• Task: Below are some entries. Transcribe the lines from the one holding "16 Stoneybrook Court, Clayton" to the one holding "61 Tumbella Drive, Murray Bridge SA 5253", inclusive, but not the pictures among them.

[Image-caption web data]
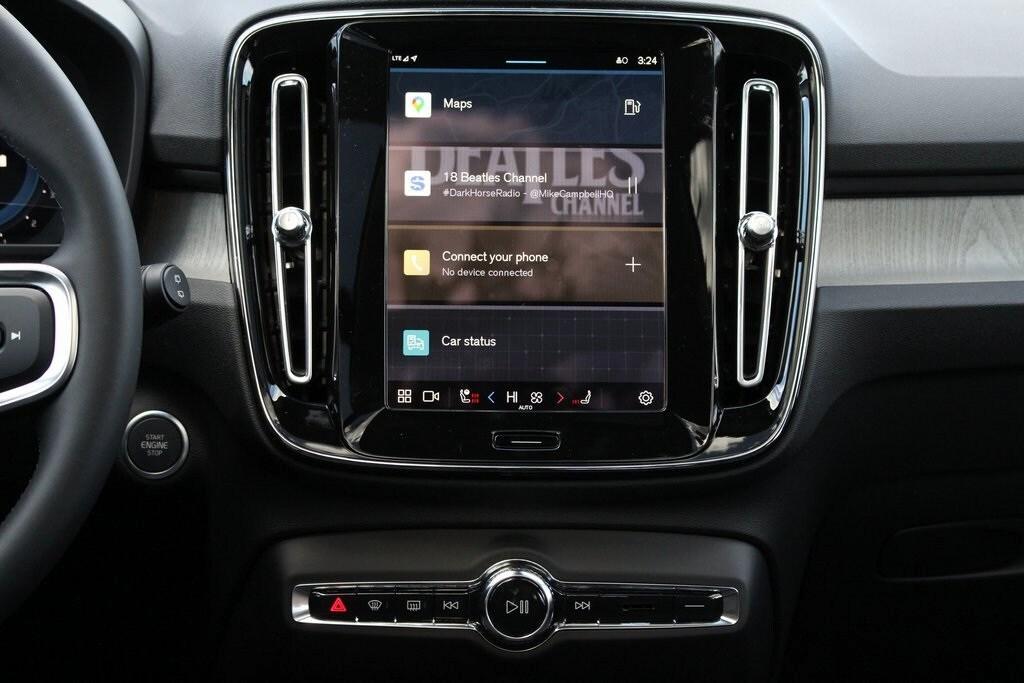 new 2025 Volvo XC40 car, priced at $46,035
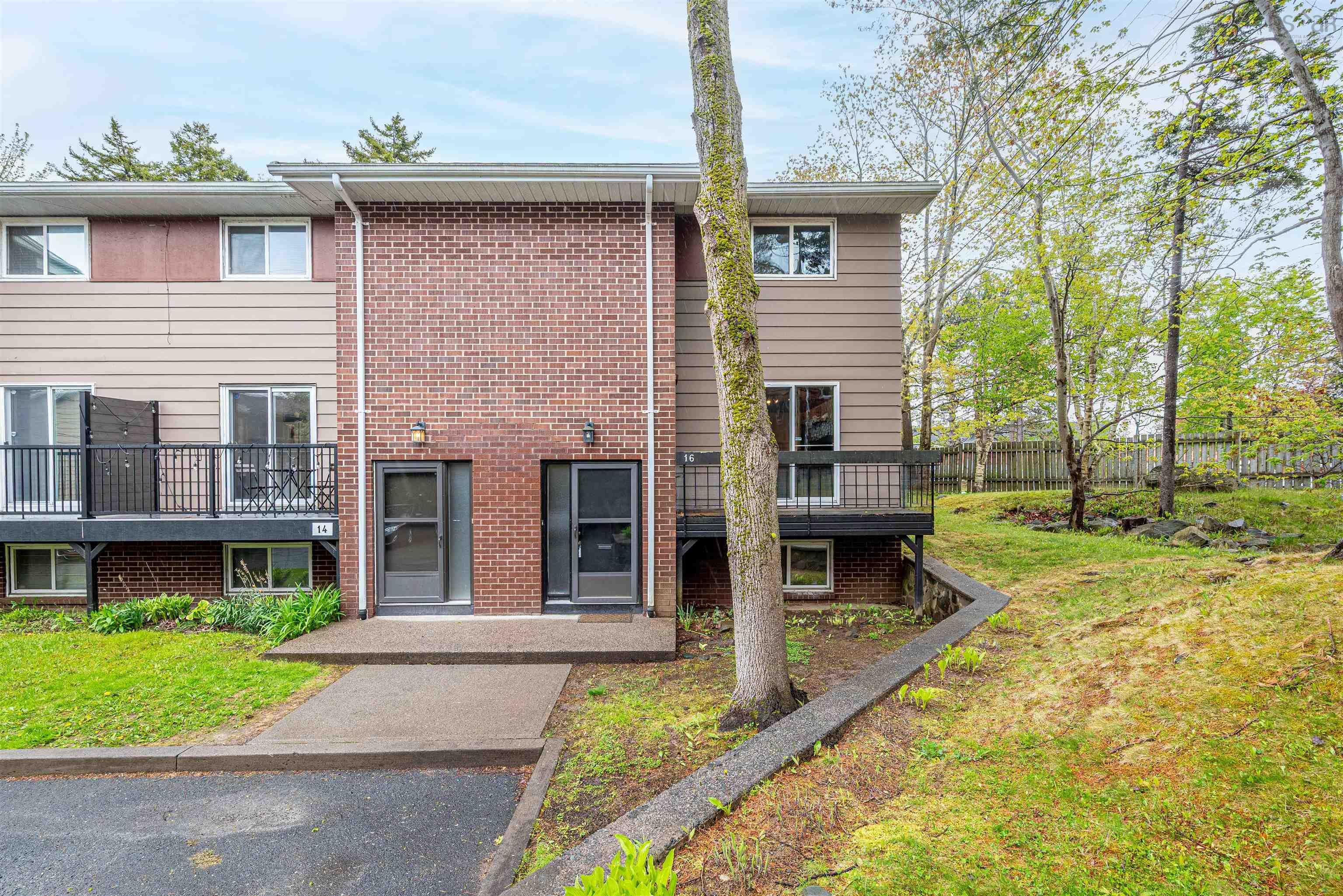 16 Stoneybrook Court, Clayton Park, NS (MLS® 202512839)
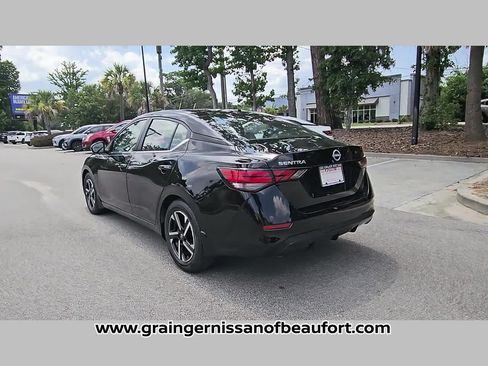 Used 2025 Nissan Sentra SV FWD image 27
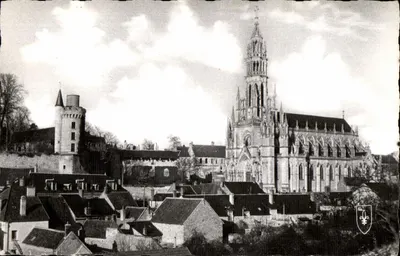 Châteauneuf-sur-Cher — Basílica Nossa Senhora dos Crianças — Edições do LYS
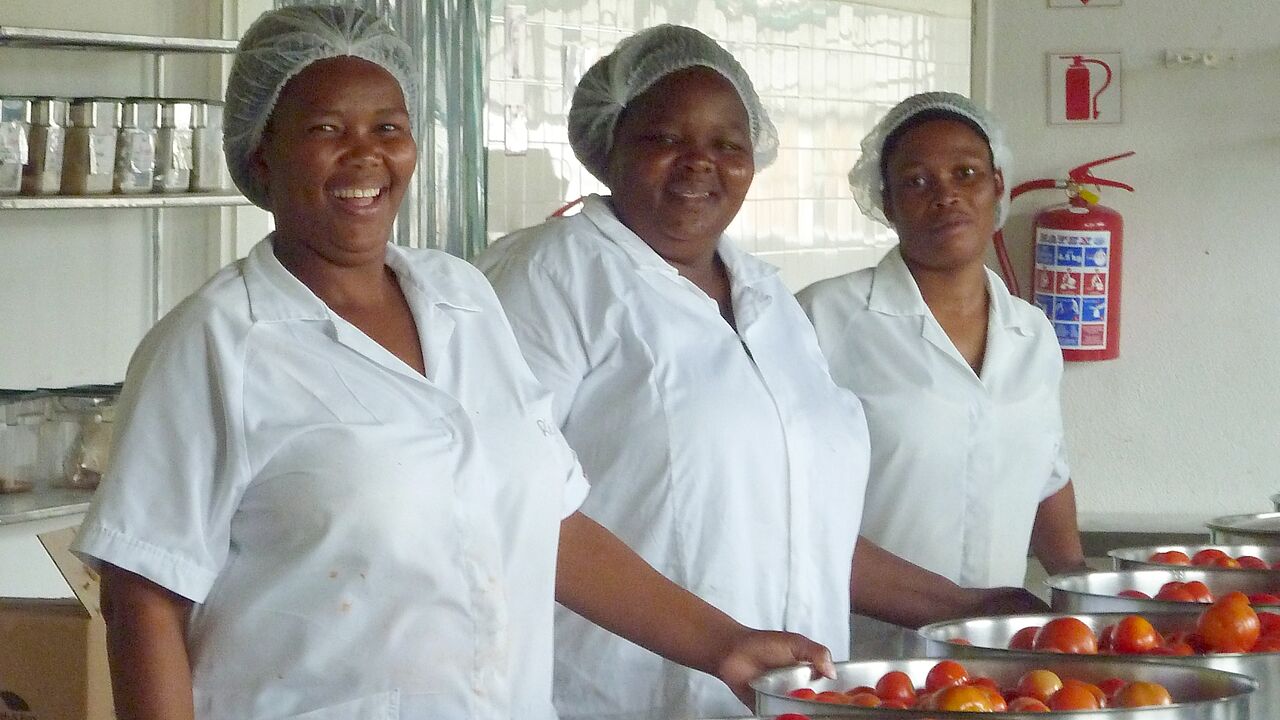 Eswatini Kitchen bietet vor allem benachteiligten Frauen eine Chance und kann durch die fairen Preise für gute Arbeitsbedingungen sorgen, z. B. Mutterschutz oder einen Beitrag zur Rentenversicherung.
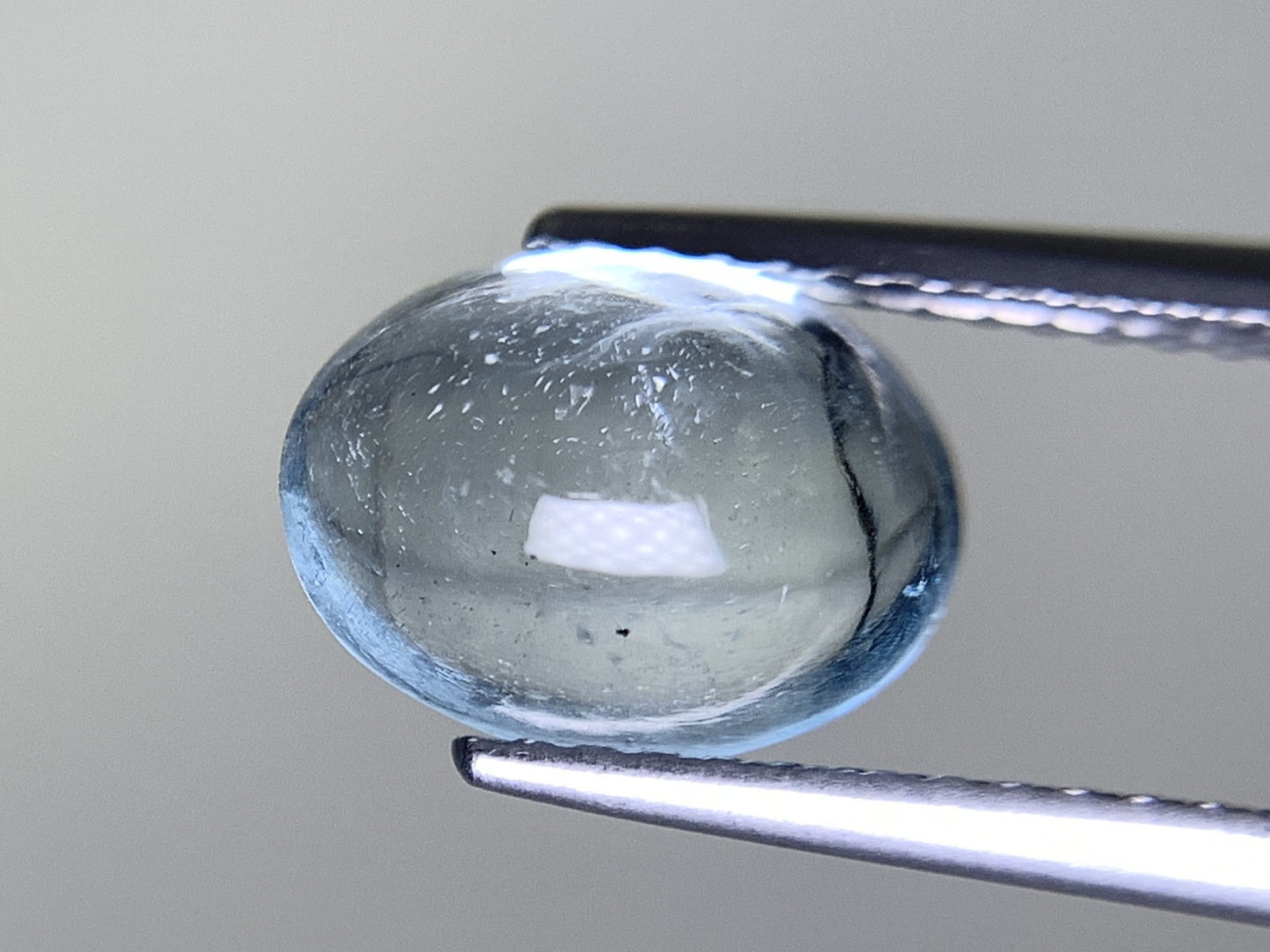 アクアマリン 天然 2.018ct 中央宝石ソーティング付き 9.2㎜×7.0㎜×4.9㎜ ルース（ 裸石 ） 8236Y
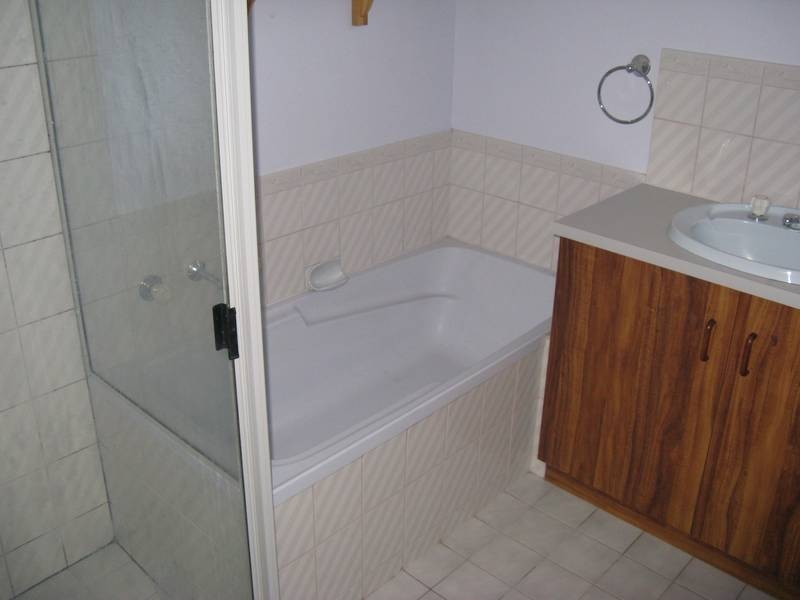 61 Tumbella Drive, Murray Bridge SA 5253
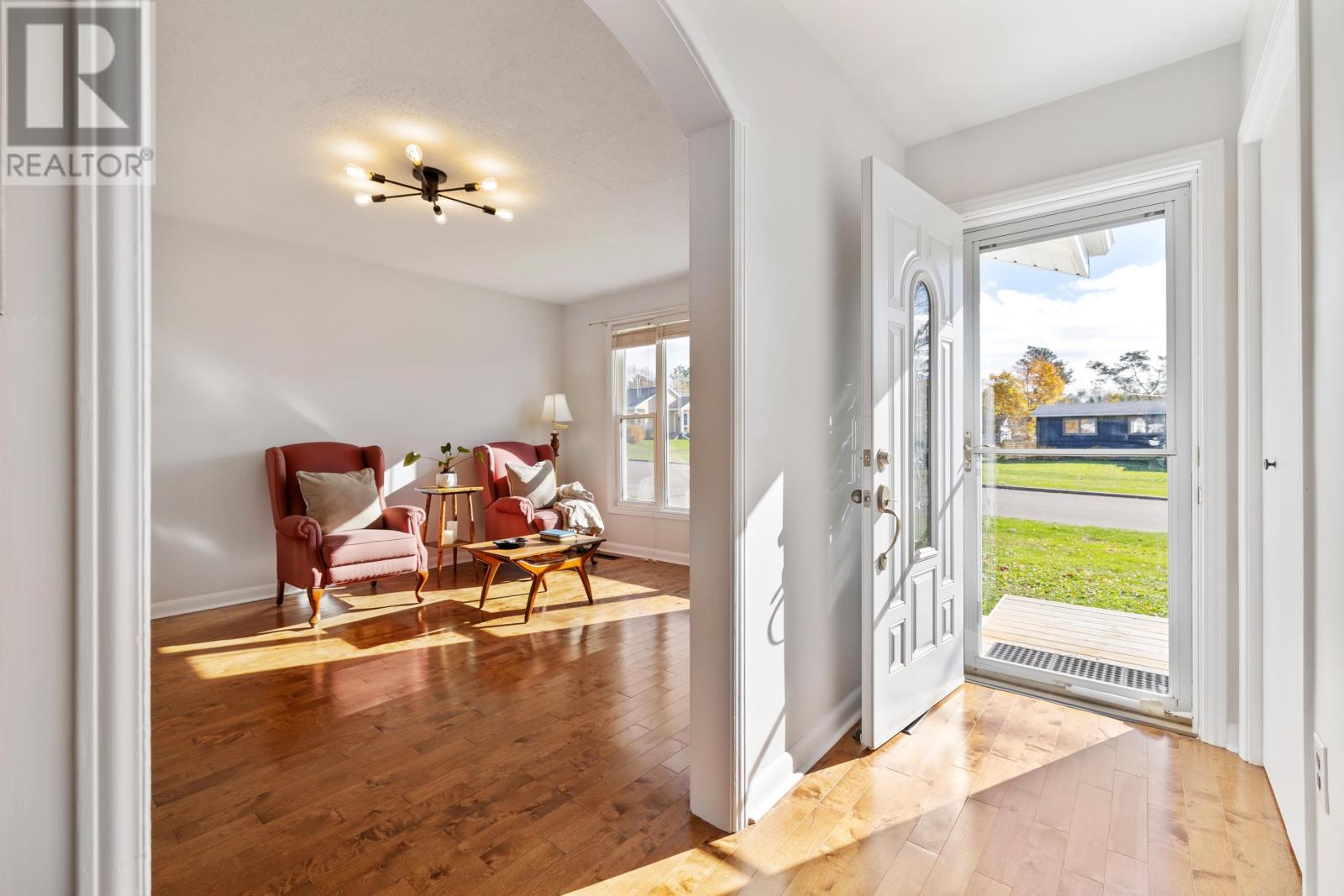 21 Westview Drive, Charlottetown, Prince Edward Island  C1A 3A4 - Photo 6 - 202527339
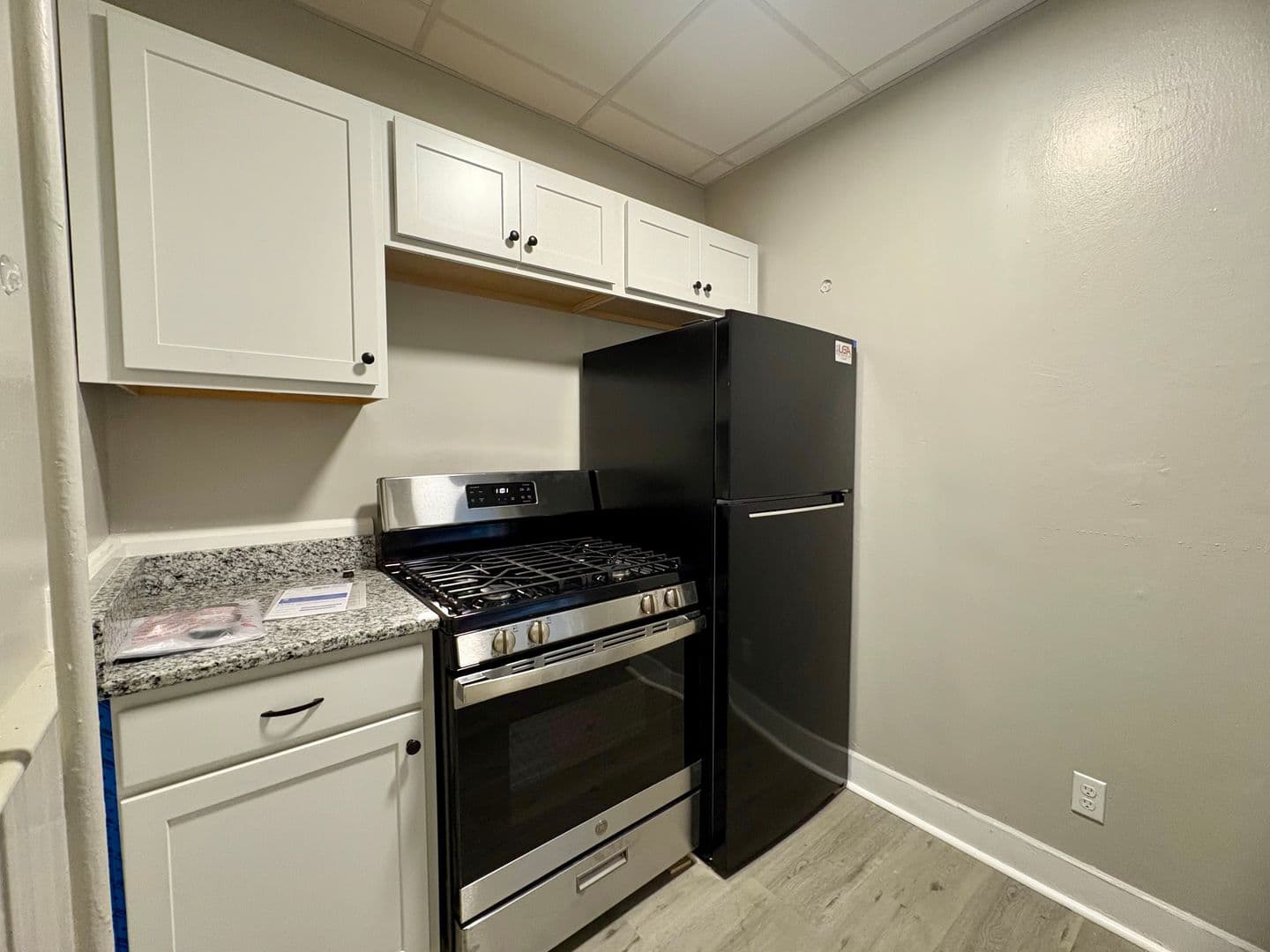 York Apartment: 643 Lincoln St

• Your response:
 16 Stoneybrook Court, Clayton Park, NS (MLS® 202512839)
 Used 2025 Nissan Sentra SV FWD image 27
 Châteauneuf-sur-Cher — Basílica Nossa Senhora dos Crianças — Edições do LYS
 Eswatini Kitchen bietet vor allem benachteiligten Frauen eine Chance und kann durch die fairen Preise für gute Arbeitsbedingungen sorgen, z. B. Mutterschutz oder einen Beitrag zur Rentenversicherung.
 アクアマリン 天然 2.018ct 中央宝石ソーティング付き 9.2㎜×7.0㎜×4.9㎜ ルース（ 裸石 ） 8236Y
 61 Tumbella Drive, Murray Bridge SA 5253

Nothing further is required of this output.